Denby couldn’t steal the genes directly from hops, because plant geneticists don’t know which snippets of hops DNA code for those flavor molecules. Instead, he and his research partner Rachel Li copied genes from mint and basil that encode for the enzymes that produce linalool and geraniol.
Then it was time to let CRISPR do its thing. The Berkeley researchers created a DNA package that included the mint and basil genes plus some yeast genes that acted as “promoters” controlling the amount of each enzyme that would be produced during fermentation. The package was inserted into the genome of standard brewer’s yeast using CRISPR’s genetic “scissors.”
Denby and Li didn’t just engineer one strain of hoppy yeast. They created 48 different varieties, each with a different combination of promoters that activated the enzymes at different levels and different times in the fermentation process. They then brewed 48 tiny test batches of beer to measure the amount of the flavor molecules in the final product.
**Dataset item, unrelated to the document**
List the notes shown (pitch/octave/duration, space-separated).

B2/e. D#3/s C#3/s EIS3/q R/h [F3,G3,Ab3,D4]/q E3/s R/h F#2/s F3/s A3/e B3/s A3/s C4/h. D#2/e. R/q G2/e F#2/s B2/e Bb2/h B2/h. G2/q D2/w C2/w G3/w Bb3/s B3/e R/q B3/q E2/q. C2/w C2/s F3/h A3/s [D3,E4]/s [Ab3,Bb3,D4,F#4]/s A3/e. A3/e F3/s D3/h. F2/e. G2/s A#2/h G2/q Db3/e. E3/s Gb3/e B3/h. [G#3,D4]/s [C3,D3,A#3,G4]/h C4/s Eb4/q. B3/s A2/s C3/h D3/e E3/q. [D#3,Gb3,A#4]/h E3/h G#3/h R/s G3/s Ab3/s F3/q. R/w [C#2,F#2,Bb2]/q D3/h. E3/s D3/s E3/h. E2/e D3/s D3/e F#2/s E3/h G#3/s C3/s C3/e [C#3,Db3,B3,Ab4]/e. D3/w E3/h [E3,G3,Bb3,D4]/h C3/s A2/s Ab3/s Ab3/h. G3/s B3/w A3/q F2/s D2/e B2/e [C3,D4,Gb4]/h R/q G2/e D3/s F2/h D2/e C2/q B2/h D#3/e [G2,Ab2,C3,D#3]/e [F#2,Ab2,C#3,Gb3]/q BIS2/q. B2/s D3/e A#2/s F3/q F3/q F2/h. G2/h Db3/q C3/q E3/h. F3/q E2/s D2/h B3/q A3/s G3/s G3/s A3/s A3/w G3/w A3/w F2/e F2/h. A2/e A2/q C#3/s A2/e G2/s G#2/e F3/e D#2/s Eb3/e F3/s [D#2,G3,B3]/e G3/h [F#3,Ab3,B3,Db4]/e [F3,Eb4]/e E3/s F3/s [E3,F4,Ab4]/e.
Once they picked the four top varieties, it was time for the taste test.
The Berkeley team brought their engineered beer to the Lagunitas Brewing Company in Petaluma, California, where 27 brewery employees sat down for a blind taste test between the yeast-only brews and traditional craft beers made with hops. The pros found the CRISPR beer to be even hoppier than the traditional craft beer, citing notes of “Fruit Loops” and “orange blossom.”
“That was a really surprising and fun finding,” said Denby.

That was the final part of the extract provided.